Discrete return ALS sensors record various types of data. Primarily, they capture positional data in three dimensions (X, Y, Z), followed by additional information like the intensity for each point, the position of each point in the return sequence, and the beam incidence angle of each point. Reading, writing, and efficient storage of these ALS data are critical steps prior to any subsequent analysis.
ALS data are most commonly distributed in LAS format, which is specifically designed to store ALS data in a standardized way. These data are officially documented and maintained by the ASPRS. However, LAS files require a large amount of memory because they are not compressed. The LAZ format has become the standard compression scheme because it is free and open-source.
The widespread use, standardization, and open-source nature of the LAS and LAZ formats promoted the development of the lidR package. This package is designed to process LAS and LAZ files both as input and output, leveraging the LASlib and LASzip C++ libraries via the rlas package.
The function readLAS() reads a LAS or LAZ file and returns an object of class LAS. The LAS formal class is documented in detail in a dedicated vignette. To briefly summarize, a LAS file consists of two parts:
The header, which stores summary information about its content, including the bounding box of the file, coordinate reference system, and point format.
The payload, i.e., the point cloud itself.
The function readLAS() reads and creates an object that contains both the header and the payload.
las <-readLAS("files.las")
When printed it displays a summary of its content.
print(las)
class : LAS (v1.2 format 1)
memory : 4.4 Mb
extent : 684766.4, 684993.3, 5017773, 5018007 (xmin, xmax, ymin, ymax)
coord. ref. : NAD83 / UTM zone 17N
area : 51572 m²
points : 81.6 thousand points
type : airborne
density : 1.58 points/m²
density : 1.08 pulses/m²
For a more in-depth print out of the data use the function summary() instead of print().
Parameter select
A LAS file stores the X Y Z coordinates of each point as well as many other data such as intensity, incidence angle, and return sequence position. These data are called attributes. In practice, many attributes are not actually useful but are loaded by default. This can consume a lot of processing memory because R does not allow for choosing data storage modes (see this vignette for more details).
To save memory, readLAS() can take an optional parameter select, which enables the user to selectively load the attributes of interest. For example, one can choose to load only the X Y Z attributes.
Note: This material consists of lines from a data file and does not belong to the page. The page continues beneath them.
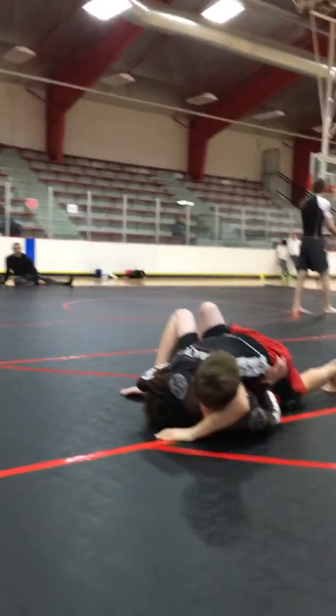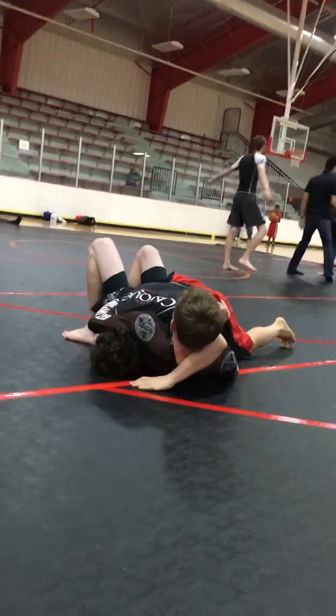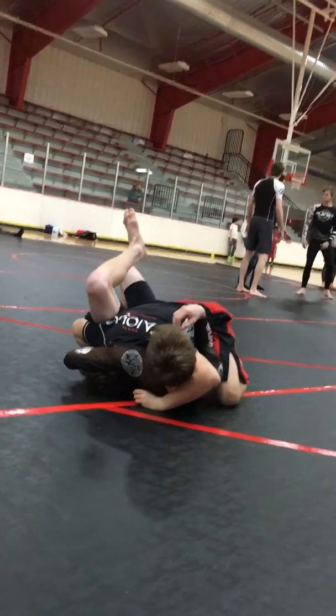He's grabbing the shorts. Hey Austin, the one that he's guillotining you with is going to be your Kimura lock. Don't let him have it back. Grab the wrist. Pin the wrist down. Grab it with your right hand — pin it to the mat.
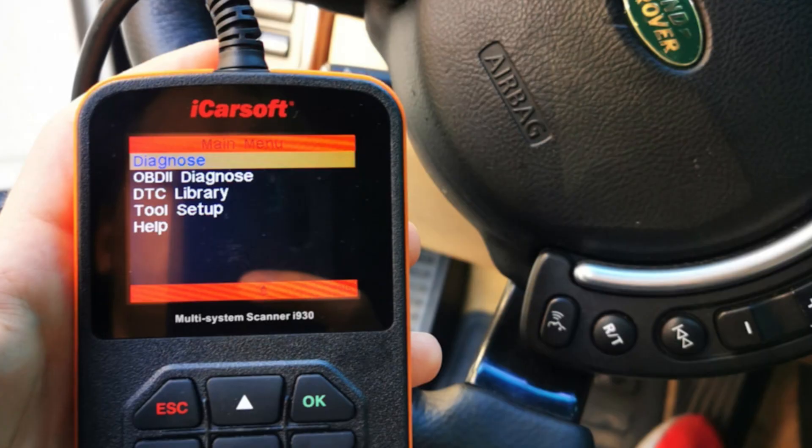If you see this warning right after replacing the battery, it means the BMS — battery management system — needs resetting. This is possible through a good OBD2 scanner that is compatible with your Land Rover, not just a simple code reader. Or you may go to the dealership and they will do this for a fee.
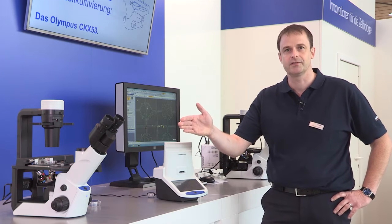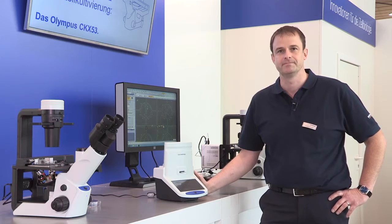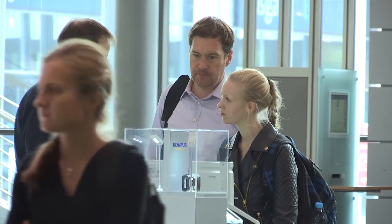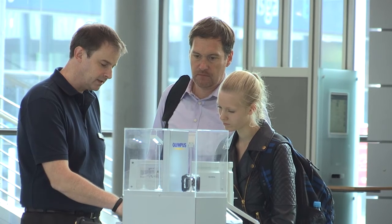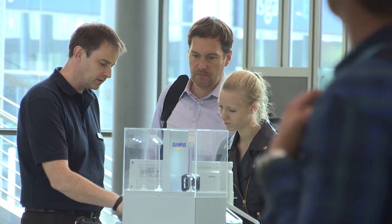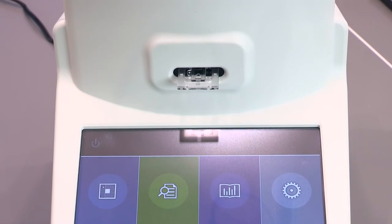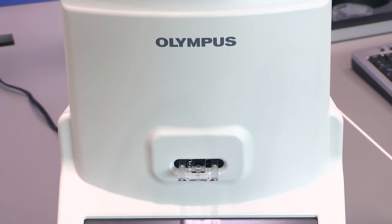Before we move to this new promising product — the cell culture microscope — I'd like to give you some insights on the handling of this cell counter. Olympus has interviewed a lot of customers in the cell culture lab with the target to see in which way the routine work can be facilitated by using certain automation. As a result, we found that the cell counting process can easily be facilitated by using the cell counter.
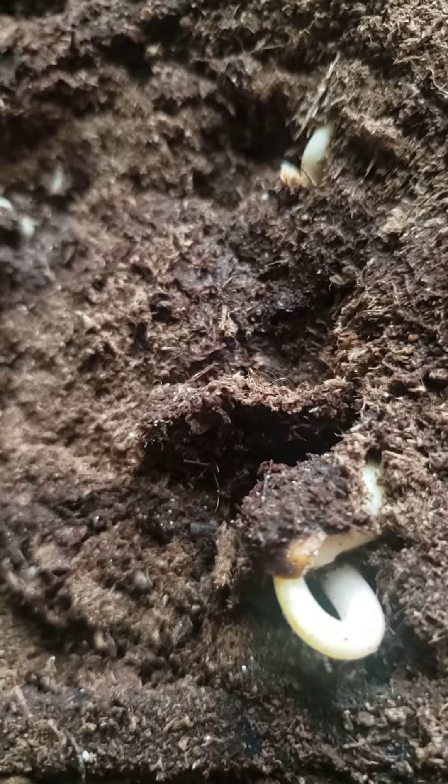I don't know that they'll like that, but there we go. My little green beans. Hello, babies. Grow, my babies, grow!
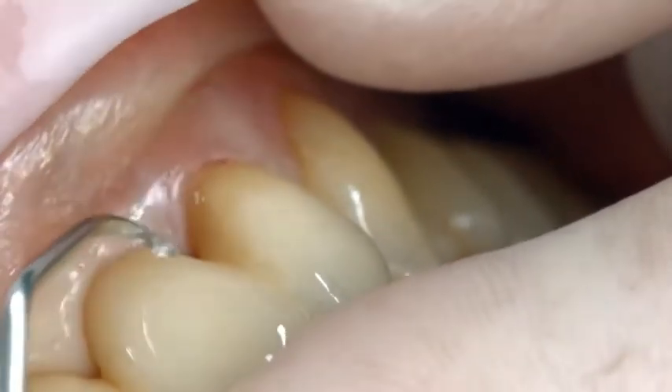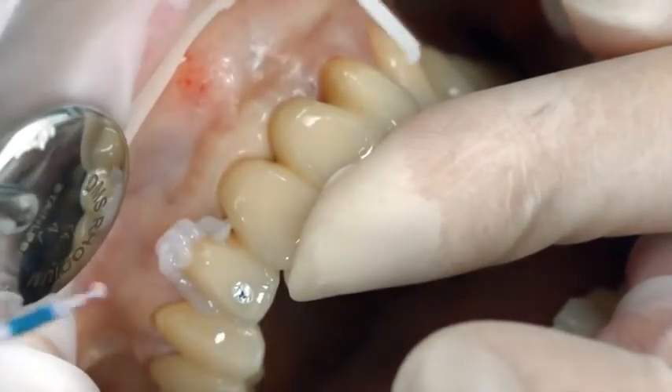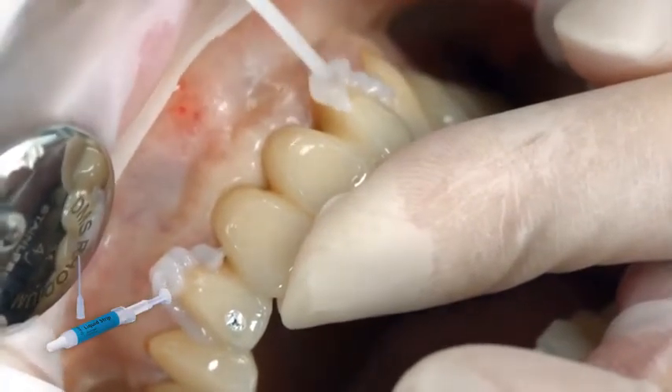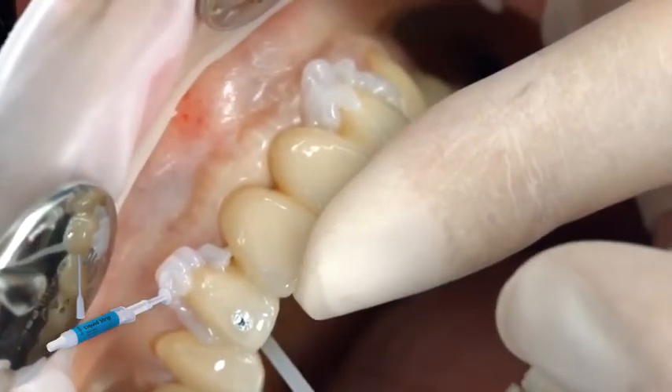The gel-like excess can be easily removed with a scaler. Just like all other composite resins, Multi-link Speed is subject to oxygen inhibition. In order to counteract this effect, cover the restoration margins with glycerin gel or air block immediately after you have removed the excess cement. Liquid Strip is ideal for this purpose.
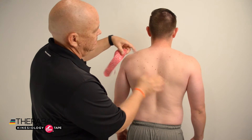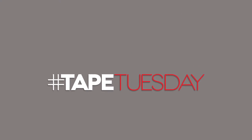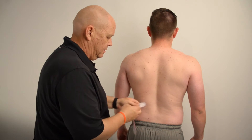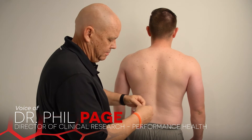For our postural support taping, we're going to begin with two I-strips. I'm going to break the backing at about two to four centimeters on each end of the tape strip.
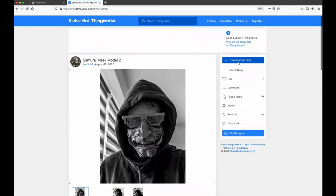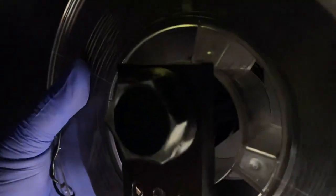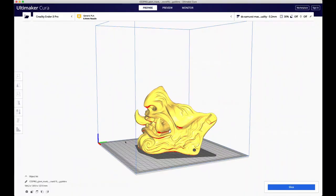So the first thing we're gonna need to do is download the STL from Thingiverse.com. We're gonna print this in TPU. TPU is a flexible type of plastic. The next thing I have to do is load the file into my slicer and then configure all the settings. The slicer I personally use is Cura.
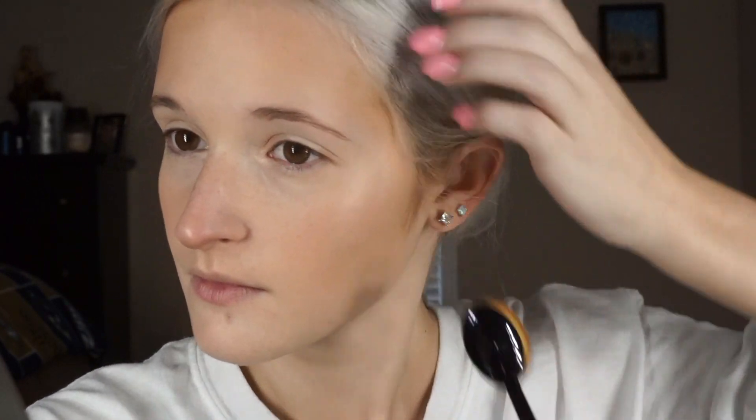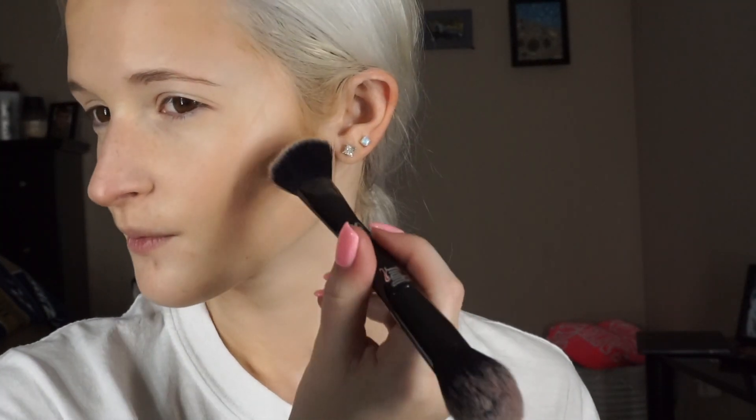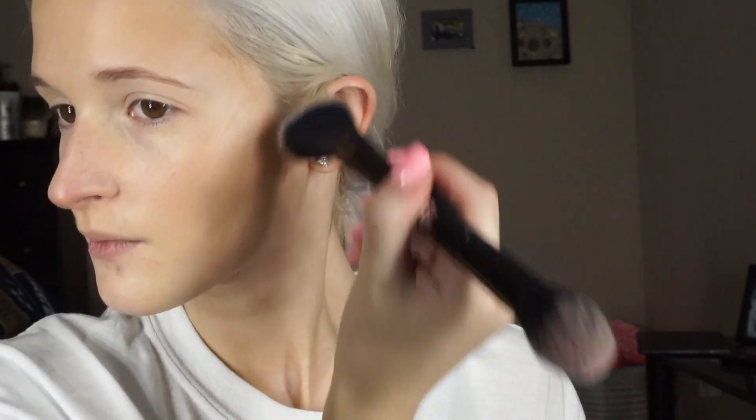You also will be setting this with — I'm using the Shade and Light palette by Kat Von D, and I'm using the shade Shadowplay because it's an in-between shade and it also can be used as bronzer. I am using the Shade and Light brush, the angled side, because that's more for contour. You can really use it for blush but I use it for contour because that's what she says to use it for.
las <-readLAS("file.las", select ="xyz") # load XYZ onlylas <-readLAS("file.las", select ="xyzi") # load XYZ and intensity only
Examples of other attribute abbreviations are: t - gpstime, a - scan angle, n - number of returns, r - return number, c - classification, s - synthetic flag, k - keypoint flag, w - withheld flag, o - overlap flag (format 6+), u - user data, p - point source ID, e - edge of flight line flag, d - direction of scan flag
Parameter filter
While select enables the user to choose “columns” (or attributes) while reading files, filter allows selection of “rows” (or points) during the reading process. Removing superfluous data at read time saves memory and increases computation speed. For example, it’s common practice in forestry to process only the first returns.
las <-readLAS("file.las", filter ="-keep_first") # Read only first returns
It is important to understand that the filter option in readLAS() keeps or discards points at read time, i.e., while reading at the C++ level, without involving any R code. For example, the R function filter_poi() may return the same output as the filter option in readLAS():
In the example above, we are (1) reading only the first returns or (2) reading all the points and then filtering the first returns in R. Both outputs are strictly identical, but the first method is faster and more memory-efficient because it doesn’t load the entire file into R and avoids using extra processing memory. It should always be preferred when possible. Multiple filter commands can be used simultaneously to, for example, read only the first returns between 5 and 50 meters.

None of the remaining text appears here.